Da ultimo, l’art. 19 del D. Lgs. 231/2001, nella misura in cui prevede la riduzione della confisca in relazione alla parte di profitto che può essere restituita al danneggiato, fa espresso riferimento al danno derivante da reato e non a quello derivante dall’illecito amministrativo.

Alla luce di quanto sopra, non potendosi configurare un’ipotesi di danno risarcibile derivante dalla commissione dell’illecito amministrativo da parte dell’Ente, la costituzione di parte civile, nell’ambito di un procedimento che tende all’accertamento di un illecito, che, dogmaticamente, pare improduttivo di danni diretti, immediati ed ulteriori rispetto a quelli prodotti da reato, si tradurrebbe in una pratica priva di significato, inutilmente gravosa per il processo penale.

Non convince l’orientamento di senso contrario fatto proprio da alcuni Giudici di merito, secondo cui  la costituzione di parte civile nei confronti dell’Ente, onde ottenere equo ristoro dei danni patiti, è assolutamente ammissibile, proprio in forza del richiamo all’art. 12 del D.lgs. n. 231/2001, nell’ipotesi in cui l’Ente, prima dell’apertura del dibattimento, abbia risarcito integramente il danno ed eliminato le conseguenze dannose e pericolose derivanti da reato o, comunque, si sia adoperato in tal senso (così Tribunale di Trani, Ordinanza del 7 maggio 2019).
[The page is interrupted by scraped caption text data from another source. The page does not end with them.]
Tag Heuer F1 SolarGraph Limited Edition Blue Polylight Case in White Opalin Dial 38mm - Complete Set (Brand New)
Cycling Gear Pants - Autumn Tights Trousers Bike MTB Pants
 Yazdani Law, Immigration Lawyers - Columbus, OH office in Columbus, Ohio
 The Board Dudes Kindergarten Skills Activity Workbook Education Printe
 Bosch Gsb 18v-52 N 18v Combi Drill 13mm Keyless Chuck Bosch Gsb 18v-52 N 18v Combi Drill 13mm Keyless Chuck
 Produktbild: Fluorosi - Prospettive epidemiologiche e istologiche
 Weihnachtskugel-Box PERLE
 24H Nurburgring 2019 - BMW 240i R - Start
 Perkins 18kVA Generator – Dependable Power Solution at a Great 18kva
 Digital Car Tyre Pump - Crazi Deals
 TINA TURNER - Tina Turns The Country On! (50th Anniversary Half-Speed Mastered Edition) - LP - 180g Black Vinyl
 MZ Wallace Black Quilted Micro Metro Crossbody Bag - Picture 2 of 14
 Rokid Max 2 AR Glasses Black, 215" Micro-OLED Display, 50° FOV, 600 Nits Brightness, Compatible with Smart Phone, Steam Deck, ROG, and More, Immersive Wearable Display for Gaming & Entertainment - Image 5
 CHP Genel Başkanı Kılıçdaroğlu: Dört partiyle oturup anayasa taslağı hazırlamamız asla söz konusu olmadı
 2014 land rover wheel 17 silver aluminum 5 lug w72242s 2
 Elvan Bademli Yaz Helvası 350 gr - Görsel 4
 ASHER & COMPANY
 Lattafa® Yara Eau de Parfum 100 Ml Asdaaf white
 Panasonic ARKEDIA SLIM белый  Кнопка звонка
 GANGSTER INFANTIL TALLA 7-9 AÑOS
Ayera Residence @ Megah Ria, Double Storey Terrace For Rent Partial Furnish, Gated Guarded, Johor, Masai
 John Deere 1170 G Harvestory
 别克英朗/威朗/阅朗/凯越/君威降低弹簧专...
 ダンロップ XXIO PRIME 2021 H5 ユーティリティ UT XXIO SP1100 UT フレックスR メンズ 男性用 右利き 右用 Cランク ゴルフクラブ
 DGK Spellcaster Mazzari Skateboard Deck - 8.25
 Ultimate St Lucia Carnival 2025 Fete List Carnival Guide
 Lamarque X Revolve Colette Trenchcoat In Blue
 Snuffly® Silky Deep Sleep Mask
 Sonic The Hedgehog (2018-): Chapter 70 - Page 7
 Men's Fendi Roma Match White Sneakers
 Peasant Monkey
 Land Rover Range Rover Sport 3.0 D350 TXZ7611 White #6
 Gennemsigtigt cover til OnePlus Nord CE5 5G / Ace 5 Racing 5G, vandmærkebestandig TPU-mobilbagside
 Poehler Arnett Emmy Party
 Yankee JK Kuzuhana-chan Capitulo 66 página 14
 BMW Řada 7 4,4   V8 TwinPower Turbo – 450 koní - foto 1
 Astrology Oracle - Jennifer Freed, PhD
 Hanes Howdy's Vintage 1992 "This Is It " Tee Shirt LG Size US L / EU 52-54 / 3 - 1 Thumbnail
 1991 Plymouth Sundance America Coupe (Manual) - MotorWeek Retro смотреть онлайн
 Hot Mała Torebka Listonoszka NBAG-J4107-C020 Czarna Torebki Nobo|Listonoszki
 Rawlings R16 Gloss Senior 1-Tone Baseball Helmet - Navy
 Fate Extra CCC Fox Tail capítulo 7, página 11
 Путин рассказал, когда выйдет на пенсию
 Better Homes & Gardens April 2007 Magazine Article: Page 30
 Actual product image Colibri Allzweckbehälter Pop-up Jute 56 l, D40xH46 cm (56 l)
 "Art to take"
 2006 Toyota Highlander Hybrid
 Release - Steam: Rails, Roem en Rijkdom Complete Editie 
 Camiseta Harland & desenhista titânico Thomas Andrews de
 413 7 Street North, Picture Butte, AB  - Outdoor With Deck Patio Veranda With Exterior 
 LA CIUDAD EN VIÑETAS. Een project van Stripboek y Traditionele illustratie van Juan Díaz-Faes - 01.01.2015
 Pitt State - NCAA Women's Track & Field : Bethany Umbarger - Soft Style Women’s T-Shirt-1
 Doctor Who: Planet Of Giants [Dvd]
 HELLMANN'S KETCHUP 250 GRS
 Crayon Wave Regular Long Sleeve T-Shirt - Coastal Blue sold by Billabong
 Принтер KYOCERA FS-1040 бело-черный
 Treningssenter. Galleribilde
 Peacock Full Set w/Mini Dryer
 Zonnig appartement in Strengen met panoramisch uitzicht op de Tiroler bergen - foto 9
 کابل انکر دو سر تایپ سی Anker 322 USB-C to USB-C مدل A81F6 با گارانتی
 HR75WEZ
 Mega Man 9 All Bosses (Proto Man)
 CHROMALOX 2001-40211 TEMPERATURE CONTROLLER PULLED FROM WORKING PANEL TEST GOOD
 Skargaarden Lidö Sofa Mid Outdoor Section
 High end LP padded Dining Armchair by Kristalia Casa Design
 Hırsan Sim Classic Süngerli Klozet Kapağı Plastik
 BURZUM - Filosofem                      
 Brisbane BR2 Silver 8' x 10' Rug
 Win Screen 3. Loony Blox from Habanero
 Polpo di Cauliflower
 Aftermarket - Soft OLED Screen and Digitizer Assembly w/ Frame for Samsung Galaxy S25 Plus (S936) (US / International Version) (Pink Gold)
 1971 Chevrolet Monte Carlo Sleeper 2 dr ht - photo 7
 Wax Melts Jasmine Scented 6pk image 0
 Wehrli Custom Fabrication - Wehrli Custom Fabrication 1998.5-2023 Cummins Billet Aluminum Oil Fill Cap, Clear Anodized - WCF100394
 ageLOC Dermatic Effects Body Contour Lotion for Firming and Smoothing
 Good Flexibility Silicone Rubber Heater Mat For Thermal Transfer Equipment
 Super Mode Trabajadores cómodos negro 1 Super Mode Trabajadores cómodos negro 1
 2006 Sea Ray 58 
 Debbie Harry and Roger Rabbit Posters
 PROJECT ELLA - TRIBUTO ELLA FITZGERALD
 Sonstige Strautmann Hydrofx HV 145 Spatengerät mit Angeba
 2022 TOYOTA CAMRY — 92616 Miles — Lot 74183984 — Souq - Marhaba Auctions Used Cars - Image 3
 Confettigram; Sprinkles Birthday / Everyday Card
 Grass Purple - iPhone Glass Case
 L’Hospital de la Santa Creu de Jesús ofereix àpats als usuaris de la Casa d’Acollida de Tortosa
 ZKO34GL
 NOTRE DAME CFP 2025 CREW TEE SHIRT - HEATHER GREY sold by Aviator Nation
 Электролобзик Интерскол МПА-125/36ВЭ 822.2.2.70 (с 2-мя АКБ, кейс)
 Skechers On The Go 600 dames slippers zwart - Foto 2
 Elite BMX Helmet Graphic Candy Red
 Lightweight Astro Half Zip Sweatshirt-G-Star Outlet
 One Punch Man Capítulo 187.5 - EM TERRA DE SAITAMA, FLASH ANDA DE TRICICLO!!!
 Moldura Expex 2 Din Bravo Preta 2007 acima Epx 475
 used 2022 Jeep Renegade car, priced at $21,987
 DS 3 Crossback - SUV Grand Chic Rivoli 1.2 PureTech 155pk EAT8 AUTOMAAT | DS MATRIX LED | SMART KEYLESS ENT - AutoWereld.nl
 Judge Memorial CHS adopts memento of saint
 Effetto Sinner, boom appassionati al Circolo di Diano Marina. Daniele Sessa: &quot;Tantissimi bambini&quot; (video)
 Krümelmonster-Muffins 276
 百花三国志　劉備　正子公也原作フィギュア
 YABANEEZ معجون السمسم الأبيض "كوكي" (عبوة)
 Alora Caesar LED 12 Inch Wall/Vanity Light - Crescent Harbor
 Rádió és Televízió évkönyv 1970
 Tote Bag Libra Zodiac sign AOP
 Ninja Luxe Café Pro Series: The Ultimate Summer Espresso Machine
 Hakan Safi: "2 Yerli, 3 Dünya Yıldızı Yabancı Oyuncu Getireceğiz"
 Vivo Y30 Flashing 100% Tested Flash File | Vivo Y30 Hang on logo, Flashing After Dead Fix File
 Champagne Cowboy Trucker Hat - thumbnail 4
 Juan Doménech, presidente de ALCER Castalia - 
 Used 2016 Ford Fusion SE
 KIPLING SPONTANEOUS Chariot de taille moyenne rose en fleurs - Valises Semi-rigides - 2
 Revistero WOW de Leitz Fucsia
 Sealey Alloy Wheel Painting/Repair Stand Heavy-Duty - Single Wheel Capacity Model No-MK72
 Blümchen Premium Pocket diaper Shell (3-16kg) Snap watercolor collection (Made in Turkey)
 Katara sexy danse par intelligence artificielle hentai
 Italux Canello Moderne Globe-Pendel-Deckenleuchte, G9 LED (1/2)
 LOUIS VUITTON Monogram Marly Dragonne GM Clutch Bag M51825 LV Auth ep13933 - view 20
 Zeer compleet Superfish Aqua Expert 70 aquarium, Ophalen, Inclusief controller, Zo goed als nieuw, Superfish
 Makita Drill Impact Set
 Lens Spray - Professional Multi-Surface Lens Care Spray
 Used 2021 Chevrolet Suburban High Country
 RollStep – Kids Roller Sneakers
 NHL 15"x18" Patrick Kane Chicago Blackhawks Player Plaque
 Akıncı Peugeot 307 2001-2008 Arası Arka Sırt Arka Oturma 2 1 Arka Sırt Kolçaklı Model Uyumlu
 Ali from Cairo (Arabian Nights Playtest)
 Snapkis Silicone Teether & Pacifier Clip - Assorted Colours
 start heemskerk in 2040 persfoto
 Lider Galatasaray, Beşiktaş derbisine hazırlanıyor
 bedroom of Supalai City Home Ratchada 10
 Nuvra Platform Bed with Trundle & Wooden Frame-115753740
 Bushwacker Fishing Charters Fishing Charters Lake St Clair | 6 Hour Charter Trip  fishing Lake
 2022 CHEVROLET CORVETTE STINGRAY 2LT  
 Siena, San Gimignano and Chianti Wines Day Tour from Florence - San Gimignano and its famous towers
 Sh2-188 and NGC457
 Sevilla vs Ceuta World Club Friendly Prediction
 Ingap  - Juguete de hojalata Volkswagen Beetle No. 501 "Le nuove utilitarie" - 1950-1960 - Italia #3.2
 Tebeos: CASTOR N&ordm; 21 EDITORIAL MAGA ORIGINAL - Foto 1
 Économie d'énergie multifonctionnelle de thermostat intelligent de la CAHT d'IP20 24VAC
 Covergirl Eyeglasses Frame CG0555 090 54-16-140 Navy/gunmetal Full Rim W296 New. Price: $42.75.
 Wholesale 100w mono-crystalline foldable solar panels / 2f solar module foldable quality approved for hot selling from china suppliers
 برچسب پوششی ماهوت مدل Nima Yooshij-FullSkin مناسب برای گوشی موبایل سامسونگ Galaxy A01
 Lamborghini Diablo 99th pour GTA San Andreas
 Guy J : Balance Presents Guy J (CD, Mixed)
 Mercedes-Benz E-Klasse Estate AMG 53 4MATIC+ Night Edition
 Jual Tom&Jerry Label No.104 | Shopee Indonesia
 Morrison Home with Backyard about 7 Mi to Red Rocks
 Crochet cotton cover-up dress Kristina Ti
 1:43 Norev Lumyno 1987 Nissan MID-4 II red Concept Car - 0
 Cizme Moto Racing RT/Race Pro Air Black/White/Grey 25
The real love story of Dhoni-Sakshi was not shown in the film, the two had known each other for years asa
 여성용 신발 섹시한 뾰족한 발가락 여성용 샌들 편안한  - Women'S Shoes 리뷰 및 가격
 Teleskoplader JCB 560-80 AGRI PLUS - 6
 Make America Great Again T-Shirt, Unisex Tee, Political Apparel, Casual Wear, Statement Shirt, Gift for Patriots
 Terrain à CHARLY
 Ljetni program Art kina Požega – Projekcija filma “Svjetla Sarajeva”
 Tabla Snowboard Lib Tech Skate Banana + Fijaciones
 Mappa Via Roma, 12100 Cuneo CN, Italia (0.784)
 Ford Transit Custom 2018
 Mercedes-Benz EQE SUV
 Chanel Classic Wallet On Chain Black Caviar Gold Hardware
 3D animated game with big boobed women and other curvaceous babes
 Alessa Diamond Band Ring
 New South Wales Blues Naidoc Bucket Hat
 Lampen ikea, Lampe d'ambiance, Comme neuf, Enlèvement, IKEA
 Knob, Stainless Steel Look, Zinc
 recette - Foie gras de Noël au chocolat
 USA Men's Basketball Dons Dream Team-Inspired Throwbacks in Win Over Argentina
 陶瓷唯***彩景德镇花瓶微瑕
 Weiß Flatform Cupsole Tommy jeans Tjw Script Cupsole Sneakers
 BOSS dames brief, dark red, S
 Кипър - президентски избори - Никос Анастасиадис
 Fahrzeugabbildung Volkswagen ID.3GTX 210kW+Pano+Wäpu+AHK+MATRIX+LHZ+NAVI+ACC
E ancora, l’orientamento di segno opposto si fonderebbe sulla circostanza che è lo stesso Decreto, all’art. 17, a prevedere la figura del “danneggiato” da reato, facendo salva, così, la facoltà di questi di costituirsi parte civile, onde ottenere il ristoro del danno patito.

Ora, il difetto di specifica menzione alla persona offesa in tutte le disposizioni del Decreto, che i giudici di merito richiamano ai fini di rinsaldare la tesi che propende per l’ammissibilità della costituzione di parte civile nei confronti dell’Ente, è tutt’altro che casuale. Secondo l’ormai consolidato orientamento del Giudice di Legittimità, in virtù del citato ragionamento incisivo, ubi lex vòluit dìxit, ubi nòluit tàcuit. Se, infatti, il giudice ammettesse la costituzione di parte civile anche nei confronti dell’Ente, si determinerebbe l’illogico effetto di garantire alla persona offesa da reato un doppio vantaggio, potendo la stessa vedersi risarcire doppiamente una sola ipotesi di danno contemplata dal Legislatore, ovverosia il danno derivante da reato.

Siffatta soluzione determinerebbe una violazione del più generale principio su cui si fondano le disposizioni civilistiche in materia di risarcimento del danno extracontrattuale, richiamate puntualmente dall’ art. 185 c.p., in virtù del quale il danneggiato non può conseguire un risultato più favorevole di quello che avrebbe conseguito se l’illecito e, quindi, il danno che da esso deriva non si fosse verificato.

In definitiva, se la costituzione di parte civile fosse ammissibile anche nei confronti dell’Ente imputato, il danneggiato potrebbe vedersi liquidare due volte il risarcimento per la medesima fattispecie di danno e ciò, se ne convenga, non è possibile.